The last thing I very much appreciate is the precise level of familiarity my doctor has with us.  She is friendly and gentle but doesn't try to bother with idle chitchat or other small talk - straight to the point, get it done and get to the next patient.  I suspect many people really do want a personal relationship with their physician and want somebody chatty and eager to get to know them but I really do not; my ideal is someone who deals with the problems I have quickly, answers questions when I have them and then boots me out the door.  A lot of the time in my life I really find small talk uninteresting and unnecessary, particularly in professional relationships, and the fact that my doctor happens to match me in this way is fantastic.  Most likely of these 3 things everybody appreciates the second one as availability is hard to say no to.  I do wonder how many people really want the opposite of what I want in terms of level of medication and 'chattiness' for lack of a better term.  Those are really less about good and bad and more about style.

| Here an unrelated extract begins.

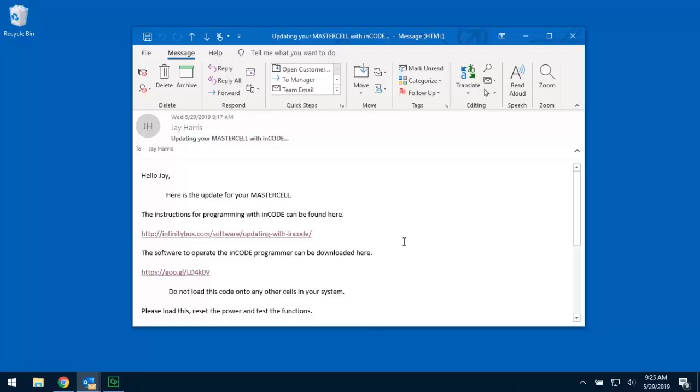The really important message that we need to get across right now is do not plug the ENCODE programmer into your computer until you've downloaded and installed the software. The other really important message is that this has to be done from a Windows PC. There is no Apple version of this software and you cannot do this from a tablet or a smartphone. It has to be done from a Windows PC.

  1. in my experience a VERY small portion of the patients I see are like you. People who want the quick/to the point version of their information, want to be educated in a succinct way and then want to leave are the the people who make my life easy/rewarding. The people who want more relationship/closeness than is appropriate, who wont tell you want's really wrong, who present only with vague symptoms that they haven't thought about enough to delineate for you in any way are much more common, and time consuming to care for. I believe this would be Rob's opinion as well ... so it's not just the view from this one set of eyes. Interesting topic!

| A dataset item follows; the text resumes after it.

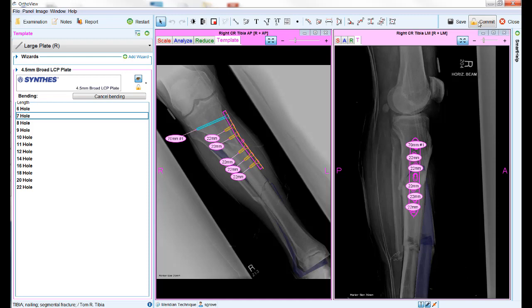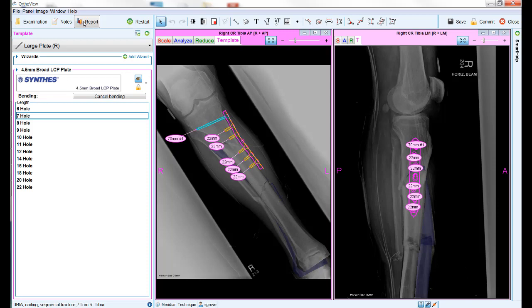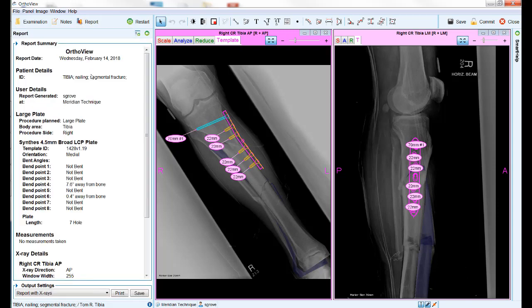As well as the templated image, the software will also store a report. This report can be viewed by clicking the report button on the top left hand side of the screen. There is also an option on the main toolbar to allow selected portions of this report to be displayed on the main x-ray view.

  2. I tend to go to the doctor having thought out what I want to say and what is going on thoroughly ahead of time. For me it isn't at all about being reassured but about getting expert information. I tend to list off every symptom I have thought of right away and give every piece of information available to me up front. I imagine that makes things much easier for the doctor. I figure if it is worth going to the doctor it is worth doing some thinking about ahead of time.

  3. how about this:
    Person: "I'm sick. So sick I had to come to the ER"
    Me: Tell me more. How are you sick?
    Them: I'm just sick. I can't get out of bed
    Me: do you have pain?
    Them: no
    Me: Do you have nausea/vomiting/shortness of breath/diarrhea/dizziness?
    Them: no
    Me: I'll give you a minute to think about what makes you think you're sick so you can explain it to me
    Me: did you come up with anything
    Them: I'm just so sick. I've been sick for 6 months.
    Me: Can you name even one symptoms you've had to help me understand.
    Them: no. I"m just sick.
    Me: sigh

    So real ... not one patient encounter, just a collage of many. It's very hard, and your thinking ahead of time probably helps your doctor be the way that she is. I'll bet she has times in the day when she's not like that ... because she's not getting anything back. Thanks for being one of the people that make my life (and my colleagues lives) rewarding!!

  4. Sky, do you remember when you worked for HRDC and had to program tailored software for them and they wouldn't tell you all of the things you needed to know. They didn't get the right results because they didn't give you the information you needed. Going to see the doc falls into that same category. It should be a team effort and be subject to thoughtful,open and honest discussion by both parties.